– Błocie…?
– W sprayu. Syntetyczne, płynne błoto w wygodnych do użycia puszkach z aerozolem. – Kay przyjęła jednostajną manierę mówienia sprzedawców z domów handlowych, demonstrujących nowe towary. – Efektywny sposób, żeby wywrzeć wrażenie w poniedziałek rano, na parkingu przed biurem. Szybko rozpylamy błoto i koledzy mysią o pergolach z różami i krytych strzechą chałupach.

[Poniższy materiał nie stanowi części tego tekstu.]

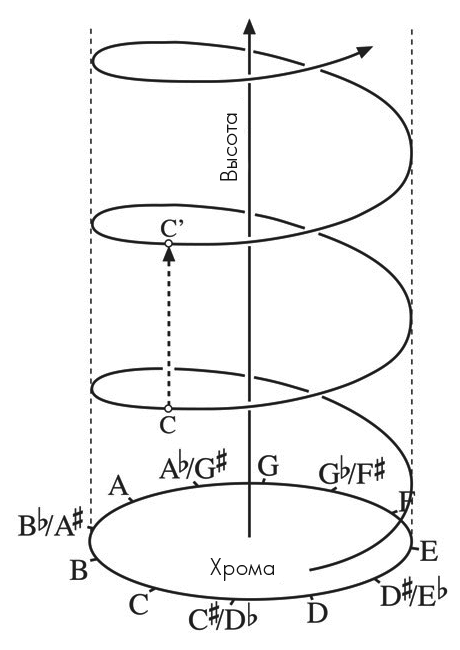 Иллюстрация к книге — Музыкальный инстинкт. Почему мы любим музыку [i_032.jpg]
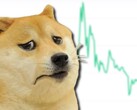 Dogecoin disfrutó de un aumento de más del 20.000% en un año, pero últimamente se ha estrellado con fuerza. (Fuente de la imagen: CoinMarketCap/Imgflip - editado)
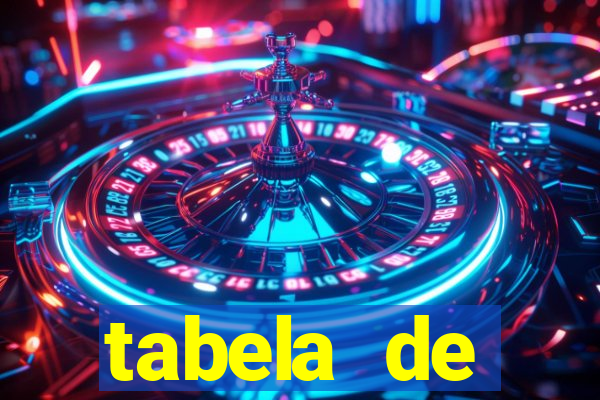 tabela de porcentagem dos slots em tempo real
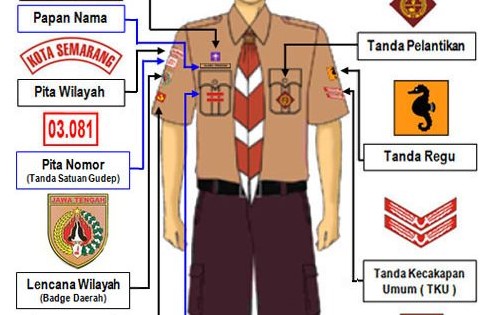 Detail Logo Pramuka Lengkap Nomer 38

– Moi koledzy pomyśleliby, że nadaję się do domu wariatów. – Mężczyzna odwrócił się do swojego szlauchu. – Wariatka. Nie będę się modlił z wami. Potrzeba do tego więcej niż ten ksiądz…
– Kay, na litość boską… – złapałem ją za ramię i zaciągnąłem do samochodu. Gdy wpychałem ją na tylne siedzenie, trzęsła się z wyczerpania i podniecenia. Ruszyliśmy, a ona rozsiadła się, kładąc głowę na moim ramieniu. Ryczała ze śmiechu.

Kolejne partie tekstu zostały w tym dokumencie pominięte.